-------- Given data --------
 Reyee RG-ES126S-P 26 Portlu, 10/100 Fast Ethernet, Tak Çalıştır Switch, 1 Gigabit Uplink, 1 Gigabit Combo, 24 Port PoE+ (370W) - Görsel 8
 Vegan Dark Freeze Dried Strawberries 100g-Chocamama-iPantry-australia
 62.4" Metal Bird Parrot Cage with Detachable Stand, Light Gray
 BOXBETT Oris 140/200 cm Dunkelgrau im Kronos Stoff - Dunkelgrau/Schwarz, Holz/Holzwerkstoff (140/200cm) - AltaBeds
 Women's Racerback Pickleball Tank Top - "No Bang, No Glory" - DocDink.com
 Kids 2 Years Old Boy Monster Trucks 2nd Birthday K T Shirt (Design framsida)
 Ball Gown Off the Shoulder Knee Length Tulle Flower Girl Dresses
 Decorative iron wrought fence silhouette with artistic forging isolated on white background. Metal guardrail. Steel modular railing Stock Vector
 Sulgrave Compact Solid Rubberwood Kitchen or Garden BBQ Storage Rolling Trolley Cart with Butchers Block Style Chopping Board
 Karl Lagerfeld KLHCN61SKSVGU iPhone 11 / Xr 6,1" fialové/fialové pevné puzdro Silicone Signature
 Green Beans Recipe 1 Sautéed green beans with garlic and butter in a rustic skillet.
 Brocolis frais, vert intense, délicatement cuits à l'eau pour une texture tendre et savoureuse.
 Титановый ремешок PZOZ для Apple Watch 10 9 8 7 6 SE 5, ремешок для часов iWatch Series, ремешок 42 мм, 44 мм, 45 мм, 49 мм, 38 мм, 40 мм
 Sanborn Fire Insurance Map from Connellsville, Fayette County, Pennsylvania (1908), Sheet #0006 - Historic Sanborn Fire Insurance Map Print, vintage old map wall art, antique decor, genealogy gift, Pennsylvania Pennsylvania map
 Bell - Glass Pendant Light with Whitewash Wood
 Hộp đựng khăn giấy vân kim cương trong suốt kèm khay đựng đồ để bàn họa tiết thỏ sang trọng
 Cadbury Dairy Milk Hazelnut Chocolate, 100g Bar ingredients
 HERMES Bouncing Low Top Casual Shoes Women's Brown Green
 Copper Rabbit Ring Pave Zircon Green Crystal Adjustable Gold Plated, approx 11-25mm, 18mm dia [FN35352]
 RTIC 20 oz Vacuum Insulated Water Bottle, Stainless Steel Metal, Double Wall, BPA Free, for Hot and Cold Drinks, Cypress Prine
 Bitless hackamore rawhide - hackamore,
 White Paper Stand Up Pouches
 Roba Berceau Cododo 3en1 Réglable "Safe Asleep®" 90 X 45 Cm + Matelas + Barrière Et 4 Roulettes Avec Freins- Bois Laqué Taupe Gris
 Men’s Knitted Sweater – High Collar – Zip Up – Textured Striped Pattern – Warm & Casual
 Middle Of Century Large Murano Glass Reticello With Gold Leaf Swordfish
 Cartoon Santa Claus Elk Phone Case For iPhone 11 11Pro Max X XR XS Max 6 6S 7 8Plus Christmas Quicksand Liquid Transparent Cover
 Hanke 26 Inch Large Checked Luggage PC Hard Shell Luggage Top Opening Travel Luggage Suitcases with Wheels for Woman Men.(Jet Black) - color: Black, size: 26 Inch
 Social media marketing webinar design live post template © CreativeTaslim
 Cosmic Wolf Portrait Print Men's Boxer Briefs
--------
» To do:
Across the listing above, count the lines that include "Gold" and give the figure with no other words.

» Answer space:
2